I read your latest blog post about MonoRail vs ASP.Net and I’m one of those coming from the VB background that found Web Forms easy to learn. But after looking at all your links and the demos I can’t wait to learn this stuff. You nailed it on the head at the end when you said you’d rather learn this than fight with the GridView… that’s the part of Web Forms that I hate. I can’t count the hours I’ve wasted on the old DataGrid in ASP.Net 1.1 and my coworker spent all week fighting with the Wizard and GridView controls.

Cool stuff. 🙂

Cool stuff, indeed. Unfortunately, it’s not so easy to convince everyone. Here’s a follow-up reply he made. Again, emphasis added is mine.
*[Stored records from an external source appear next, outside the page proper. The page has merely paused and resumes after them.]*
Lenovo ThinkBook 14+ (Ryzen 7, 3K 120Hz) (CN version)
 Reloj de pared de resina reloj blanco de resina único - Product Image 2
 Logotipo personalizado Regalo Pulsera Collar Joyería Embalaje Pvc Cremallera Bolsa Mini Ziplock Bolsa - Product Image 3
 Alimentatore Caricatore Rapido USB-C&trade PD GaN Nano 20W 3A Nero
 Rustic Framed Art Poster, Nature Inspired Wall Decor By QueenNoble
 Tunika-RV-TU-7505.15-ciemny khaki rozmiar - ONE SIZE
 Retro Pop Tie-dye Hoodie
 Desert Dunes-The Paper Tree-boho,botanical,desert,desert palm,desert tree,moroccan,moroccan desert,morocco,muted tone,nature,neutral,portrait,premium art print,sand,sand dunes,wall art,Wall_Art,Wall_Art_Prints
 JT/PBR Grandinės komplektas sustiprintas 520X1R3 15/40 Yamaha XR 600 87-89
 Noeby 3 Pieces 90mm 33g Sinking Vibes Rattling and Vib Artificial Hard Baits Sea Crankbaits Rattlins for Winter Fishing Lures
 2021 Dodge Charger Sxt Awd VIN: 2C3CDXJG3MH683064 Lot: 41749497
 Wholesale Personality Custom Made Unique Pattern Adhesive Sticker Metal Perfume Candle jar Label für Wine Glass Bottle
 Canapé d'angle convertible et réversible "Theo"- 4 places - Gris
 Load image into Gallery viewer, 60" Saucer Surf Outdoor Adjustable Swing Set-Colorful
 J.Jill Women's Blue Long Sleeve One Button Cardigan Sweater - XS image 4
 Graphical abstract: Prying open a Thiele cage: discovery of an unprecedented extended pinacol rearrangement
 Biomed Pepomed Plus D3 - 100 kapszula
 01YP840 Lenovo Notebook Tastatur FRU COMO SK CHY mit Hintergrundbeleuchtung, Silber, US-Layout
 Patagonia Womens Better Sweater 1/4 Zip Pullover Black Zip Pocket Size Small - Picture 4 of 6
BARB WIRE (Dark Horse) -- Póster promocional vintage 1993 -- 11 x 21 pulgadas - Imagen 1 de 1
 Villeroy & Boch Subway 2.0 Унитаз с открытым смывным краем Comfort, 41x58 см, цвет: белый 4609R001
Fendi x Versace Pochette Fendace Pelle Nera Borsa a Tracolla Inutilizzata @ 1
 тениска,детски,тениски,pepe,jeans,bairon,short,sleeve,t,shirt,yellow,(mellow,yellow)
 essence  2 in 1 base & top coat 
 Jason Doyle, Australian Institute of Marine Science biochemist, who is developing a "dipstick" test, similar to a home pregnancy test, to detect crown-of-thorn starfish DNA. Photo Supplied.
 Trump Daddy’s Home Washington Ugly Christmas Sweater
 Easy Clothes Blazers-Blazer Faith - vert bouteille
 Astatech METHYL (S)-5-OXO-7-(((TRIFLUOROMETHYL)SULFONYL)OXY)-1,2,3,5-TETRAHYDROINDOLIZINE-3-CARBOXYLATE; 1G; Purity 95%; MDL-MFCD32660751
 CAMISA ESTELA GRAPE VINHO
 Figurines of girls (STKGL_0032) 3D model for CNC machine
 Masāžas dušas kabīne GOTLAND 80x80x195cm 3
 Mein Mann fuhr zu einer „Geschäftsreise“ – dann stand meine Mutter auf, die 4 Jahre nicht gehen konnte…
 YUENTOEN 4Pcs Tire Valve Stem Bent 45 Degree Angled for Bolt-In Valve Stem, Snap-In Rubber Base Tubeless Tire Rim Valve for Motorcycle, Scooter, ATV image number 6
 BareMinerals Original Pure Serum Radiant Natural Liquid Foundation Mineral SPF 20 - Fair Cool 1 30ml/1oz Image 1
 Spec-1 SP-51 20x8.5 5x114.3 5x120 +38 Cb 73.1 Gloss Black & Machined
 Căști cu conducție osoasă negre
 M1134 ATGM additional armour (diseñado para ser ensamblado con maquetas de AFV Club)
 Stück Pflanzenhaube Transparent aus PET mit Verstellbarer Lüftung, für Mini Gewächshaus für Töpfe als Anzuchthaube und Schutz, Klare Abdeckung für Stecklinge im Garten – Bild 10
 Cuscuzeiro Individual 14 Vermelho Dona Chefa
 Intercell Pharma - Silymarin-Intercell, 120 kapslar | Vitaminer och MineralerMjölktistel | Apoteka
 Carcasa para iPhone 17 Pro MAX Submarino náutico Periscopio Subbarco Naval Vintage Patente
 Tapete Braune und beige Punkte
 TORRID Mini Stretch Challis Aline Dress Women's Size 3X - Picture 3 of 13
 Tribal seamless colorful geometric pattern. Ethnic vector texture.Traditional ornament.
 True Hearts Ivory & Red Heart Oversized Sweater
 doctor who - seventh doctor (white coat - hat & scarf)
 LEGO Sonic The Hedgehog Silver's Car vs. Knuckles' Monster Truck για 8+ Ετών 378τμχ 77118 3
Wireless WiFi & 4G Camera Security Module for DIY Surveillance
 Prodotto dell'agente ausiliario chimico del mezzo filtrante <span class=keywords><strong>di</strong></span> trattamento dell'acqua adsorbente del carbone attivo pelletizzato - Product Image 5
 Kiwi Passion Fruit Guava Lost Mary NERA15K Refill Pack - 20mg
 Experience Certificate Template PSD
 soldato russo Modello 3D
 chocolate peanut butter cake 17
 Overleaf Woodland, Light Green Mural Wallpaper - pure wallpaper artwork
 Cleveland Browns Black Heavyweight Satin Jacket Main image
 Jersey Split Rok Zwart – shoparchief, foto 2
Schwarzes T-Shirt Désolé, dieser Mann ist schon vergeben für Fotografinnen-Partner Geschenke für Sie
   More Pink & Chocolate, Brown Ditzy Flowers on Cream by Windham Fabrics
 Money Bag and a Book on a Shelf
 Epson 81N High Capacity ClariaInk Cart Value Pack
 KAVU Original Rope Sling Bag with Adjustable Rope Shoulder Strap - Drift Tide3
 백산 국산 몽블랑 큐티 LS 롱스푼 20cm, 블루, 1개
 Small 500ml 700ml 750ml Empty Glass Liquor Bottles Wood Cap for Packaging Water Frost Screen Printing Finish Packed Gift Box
Not so fast…I chatted with my co-worker this morning and he made some great progress with the GridView over the weekend and was very excited about what he could do with it. He said he’s not very excited about doing more Javascript and HTML coding and that he’d rather switch over to Web Forms. DOH! So… tomorrow we’re going to check out the Web Client Factory Software.

My reply went something like this.

Are you a web developer or not? If you are, you should know JavaScript and HTML. Otherwise, you are not a web developer, you are a Web Forms developer. There’s a big difference. There’s nothing wrong with being either; you just have to understand the constraints of both.

As for doing more JavaScript as opposed to doing more Web Forms… Just wait until you start writing OnItemDataBound event handlers for your GridView to do some custom table rendering, as opposed to simple injection into your presentation layer (i.e. web page). You’ll realize that staying with Web Forms will just mean you write more C# code to handle your presentation instead of presentation code (i.e. HTML and JavaScript and whatever is used to inject data into your presentation layer).

The good thing about all of this is we have options: Web Forms, MonoRail, and many others. What’s better for one person (or one project) is not necessarily better for everyone (or all projects). People should try different solutions, and ultimately choose the one based on what are you most comfortable with and what makes you a better, more efficient developer.